Like some self-fulfilling prophecy dictates that another quarter-point hike necessarily means that the Intels, Ciscos and Sun Microsystems of the world will suddenly forget how to execute.
Or that leaving rates unchanged will sudden make its products more appealing.
Nothing could be more ridiculous.
But pundits and media types burn a lot of energy speculating about what the Fed may or may not do each time it meets.
This phenomenon doesn't just occur in the hours or days leading up to the meeting. These days the hand wringing begins the minute after the latest decision is rendered and continues right through the next.
There's no lull in between meetings. Even when some piece of good economic news trickles out, the "experts" are quick to caution that this doesn't guarantee the Fed will stand pat the next time around.
Investors barely had to time to nurse their hangovers from the half-point bump Greenspan & Co. delivered in May before they were mulling over the ramifications of another increase this month.
So instead of the special coverage CNBC and other media outlets devote to the "Fed Watch" each and every damn time, why don't we stop pretending and start measuring it on a daily basis like the myriad of other statistics investors hold so dear?
Right under the Dow and Nasdaq results for the day there should be a Fed-o-Meter that tracks the interest-rate angst index. Instead of telling viewers about corn and pork belly futures, tell them the general "vibe" on interest rates each and everyday.
You may laugh but we're already at that point.
Obviously, higher interest rates aren't a good thing in virtually every circumstance. Higher prices generally mean less consumer spending, less borrowing to buy capital equipment and lower profit margins for the pistons of industry.
And with six rate hikes in the past year and a half, the Fed's done its best to curtail what was a raging bull market. It's still a bull market, but during the slow summer months investors need a little extra push to call their brokers.
All this worrying despite the fact that all recent economic data, especially the employment figures, suggest the economy is slowly winding down. In fact, there's considerable concern that another rate increase could cause more trouble than it's worth.
It's almost comical to listen to the analysts drone on and on about the inevitable.
"The market lost a little bit of steam," said Alan Ackerman, market strategist at Fahnestock & Co. "Consensus is that the Fed will keep rates flat. But I think people are concerned with whether there will be a warning that they are not finished raising rates."
Sure they're concerned. When can they not be concerned?
"We are getting some of the last-minute nail-biting over what the Fed is going to do," said Arnold Berman, technology strategist at Wit SoundView.
How can everyone be biting their nails when everyone's so certain the Fed will leave rates unchanged.
"The markets don't like uncertainty, and today the Fed has a chance to eliminate that veil of secrecy, to a certain extent," said Paul Cherney, market analyst at S&P Marketscope.

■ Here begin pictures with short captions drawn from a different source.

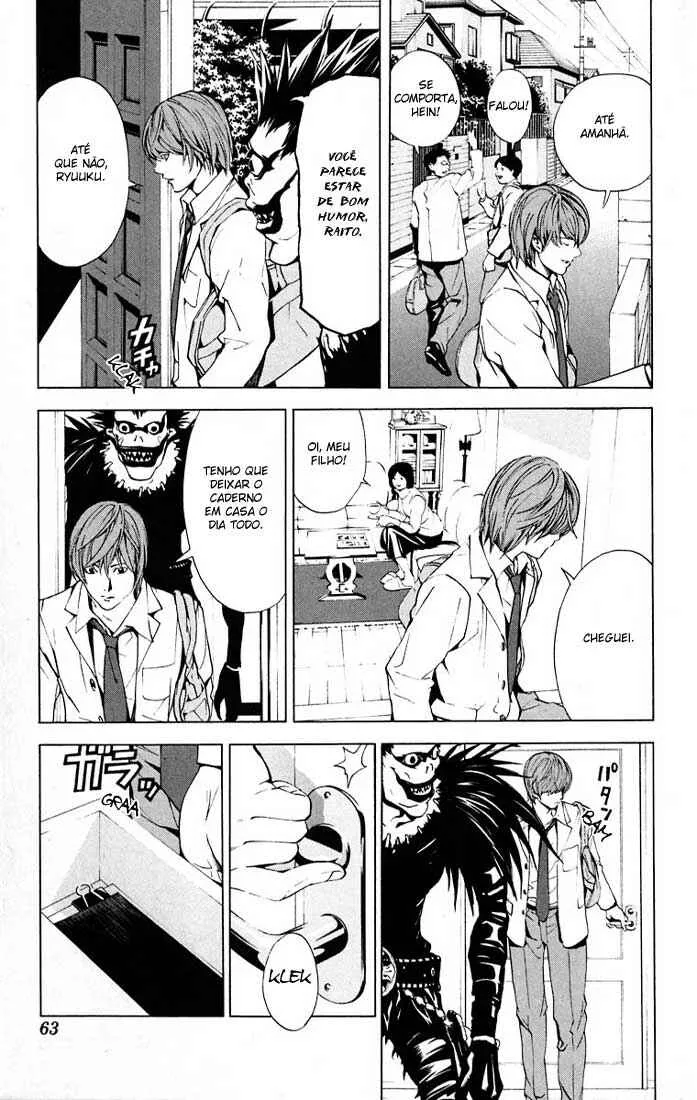 Read Death Note PT-BR Manga Online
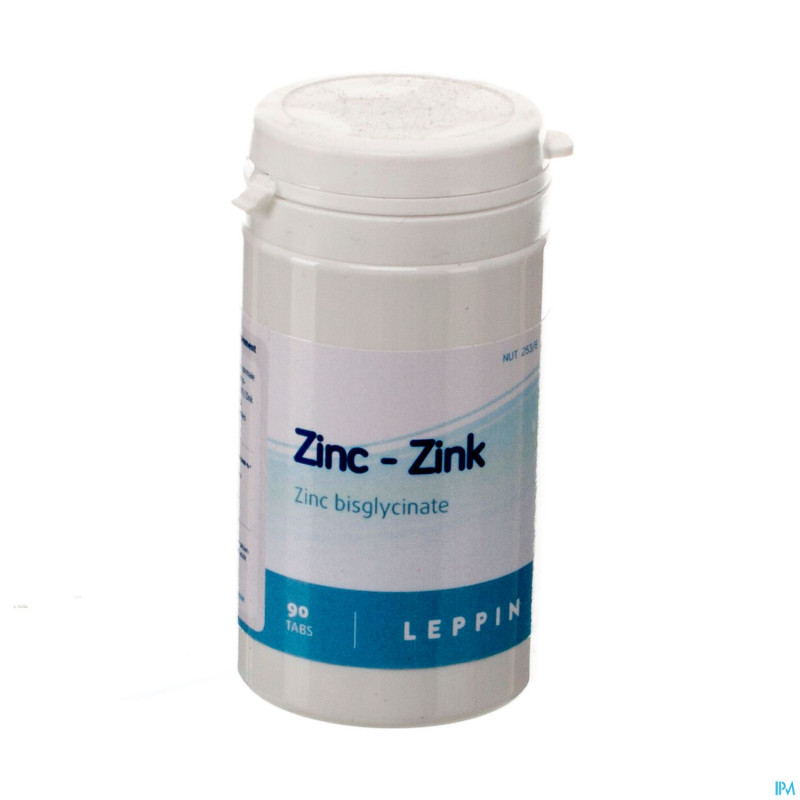 Zinc huisartsvital    caps  90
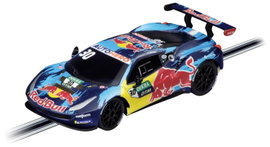 Carrera 20064197 GO!!! Autó Ferrari 488 GT3 Red Bull AF Corse, No.30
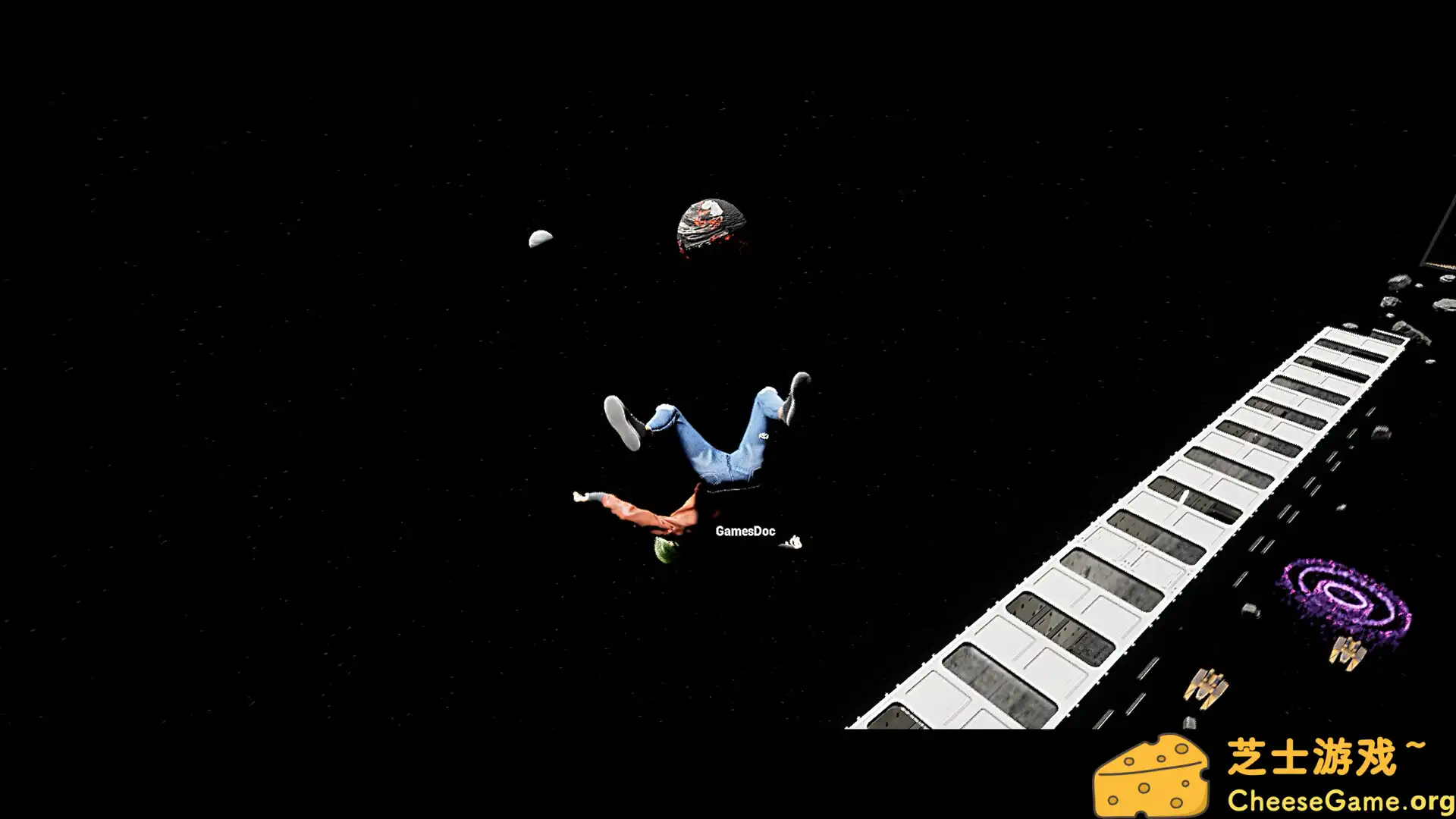 [PC]跳跃！地板是…/JUMP! The Floor Is...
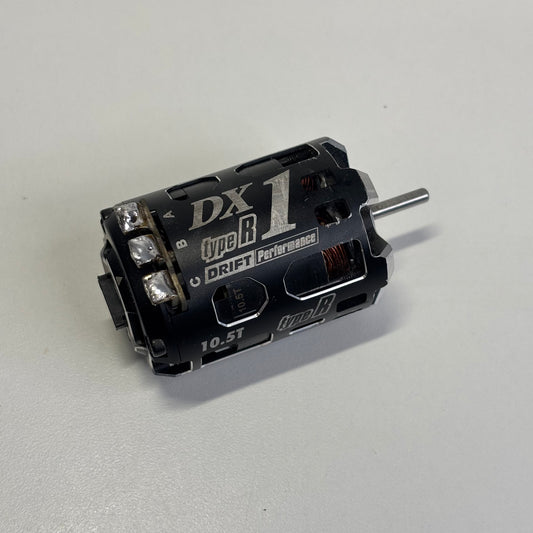 Yokomo DX Type R 1 Motor 10.5T Brushless Sensored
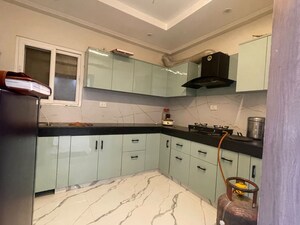 Kitchen in 3 BHK Apartment at MI Riviera Residency, Gomti Nagar – for Sale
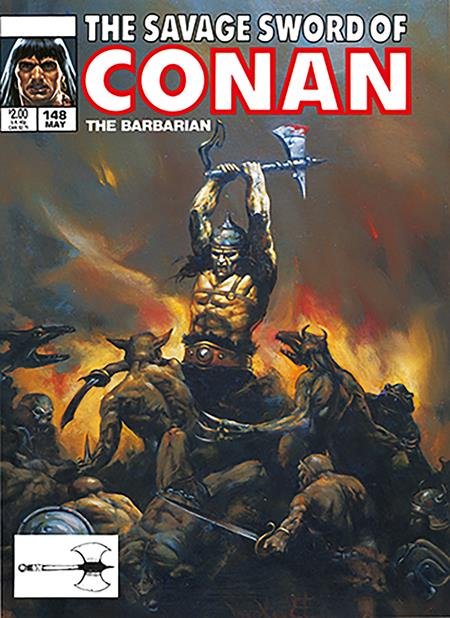 SAVAGE SWORD OF CONAN THE ORIGINAL COMICS OMNIBUS HC VOL 11 DIRECT MARKET EDITION DOUG BEEKMAN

Yeah, until the next meeting.
Regardless of whatever happens Wednesday, you can bet Thursday's focus will be on the next Fed meeting.
Meanwhile, leading technology companies, particularly chip and PC makers, continue to spend billions to ramp up production to meet surging demand. Their stocks will continue to appreciate accordingly.
Investors should be grateful that these companies have more important matters to concern themselves with while the rest of the world is fixated on a decision that's already been factored into the market.